4.2 Vulnerable Water Transmission Networks in Terms of Events

Upon investigating and analyzing the events in the urban drinking water network, it was determined that the Islamabad neighborhood water network had the most events. This issue in the Islamabad neighborhood is primarily caused by wear and tear, improper implementation of water, low-quality pipes and consumables, improper use of the network, and excavations done by other organizations. According to this study, 19.31% of the events are caused by leaks of the main branch, which are the most common occurrences in this neighborhood, followed by fractures with 17.44%, and the lowest type of accidents in this neighborhood is related to land subsidence. It was determined from investigating and analyzing the events occurring in the urban neighborhoods of Zanjan that Islamabad, Farhang, and Bisim are among the neighbor-hoods with high vulnerability, while Ghabrestan Bala and Gholestan are among the neighborhoods with low vulnerability. Additionally, areas 5 and 3 accounted for the majority of events in urban areas.

4.3 Analysis the Efficiency of the Applied Methods for Analyzing Events in Urban Water Networks

Analyzing network events and establishing robust water supply systems are crucial aspects when it comes to developing a sustainable urban drinking water system. Applying an automated approach, such as DL in conjunction with GIS, can significantly enhance the efficiency of urban water network management. The methodology introduced in this study also serves as an early warning system for stakeholders and decision-makers in the domain of water hazard events. With this information, locating optimized sites for promptly constructing relief posts to respond immediately to water network events becomes much easier and faster. Despite the efficiency of the applied method, having a large number of input datasets is crucial to constructing the DL models. The effectiveness of this work proves useful for analyzing urban water events in big cities around the world with the most complicated water networks. By employing learning-based approaches, such as DL, stakeholders can analyze vast amounts of data and gain insights that were previously impossible to obtain. DL can be used to predict water demand and optimize water supply throughout the day, assisting water utilities in reducing water waste and ensuring effective fulfillment of water demand. Additionally, it is employed to predict and mitigate potential risks associated with the water cycle.

5 Conclusion

This study proposed and developed an innovative approach of ANP and DL-CNN for analyzing urban water network events and determining the optimal location of urban drinking water relief posts in Zanjan city, Iran. The results show that the central parts of Zanjan are more suitable for constructing water relief posts. Our findings demonstrate the highest efficiency of an automated DL-CNN with an ACC of 0.942 compared to the ANP with an ACC of 0.895. The findings of this study also indicate a positive relationship between population density and water network events.
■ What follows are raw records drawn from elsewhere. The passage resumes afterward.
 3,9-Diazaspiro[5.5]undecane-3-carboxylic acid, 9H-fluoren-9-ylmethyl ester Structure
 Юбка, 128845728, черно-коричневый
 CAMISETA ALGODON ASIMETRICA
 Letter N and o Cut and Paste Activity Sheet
The results of this research demonstrate the highest efficiency of computer-based approaches such as DL-CNN for determining the optimal location of urban drinking water relief posts. In sum, the findings of this research provide a deeper understanding of the spatial spreading of urban water network events and their affected areas. The efficiency of this study can help urban planners and decision-makers in the Water and Sewage Organization and Ministry of Power to understand the complex mechanism of water flow and simulate its prone areas for damage.